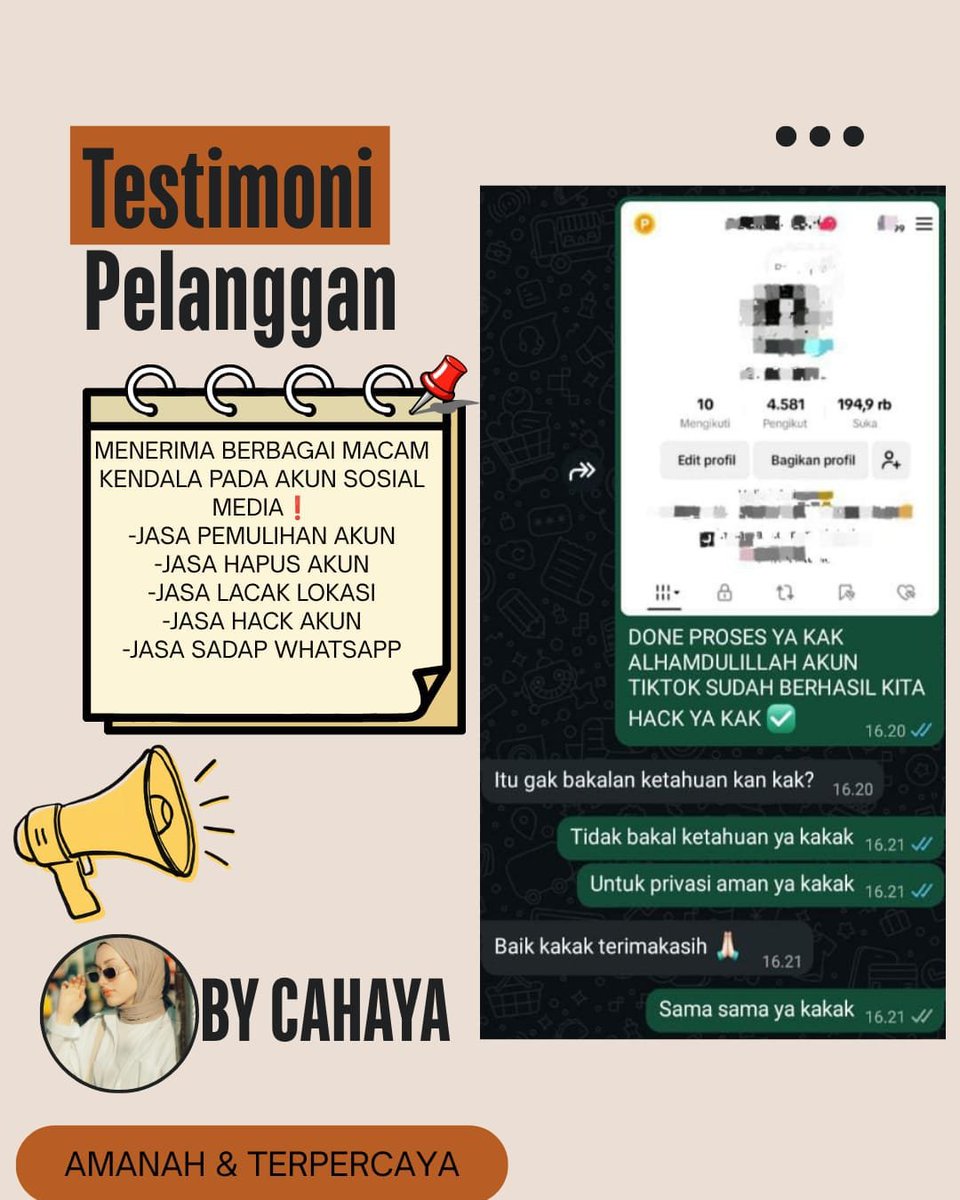 vcenise's tweet photo. WTS OPEN JASA PEMULIHAN/PERBAIKAN AKUN SOSMED⤵️

 Layanan  :
✨ Pulihkan &amp; Pulihin/Balikin Akun
✨ Hapus/Nonaktifkan Akun
✨ Hack Akun
✨ Sadap Wa/All Sosmed
✨ Lacak Lokasi

(Instagram,Tiktok,Gmail/Email,Facebook,Telegram,Twitter/X,Dll)

Konsultasi? WhatsApp Di Profil🫰 https://t.co/WBJ72IxqaQ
▬▬▬▬▬▬
> **WHAT YOU ARE ASKED TO DO**: Without the pictures, copy the material exactly as given.

> **ANSWER AREA**:
 vcenise's tweet photo. WTS OPEN JASA PEMULIHAN/PERBAIKAN AKUN SOSMED⤵️

 Layanan  :
✨ Pulihkan &amp; Pulihin/Balikin Akun
✨ Hapus/Nonaktifkan Akun
✨ Hack Akun
✨ Sadap Wa/All Sosmed
✨ Lacak Lokasi

(Instagram,Tiktok,Gmail/Email,Facebook,Telegram,Twitter/X,Dll)

Konsultasi? WhatsApp Di Profil🫰 https://t.co/WBJ72IxqaQ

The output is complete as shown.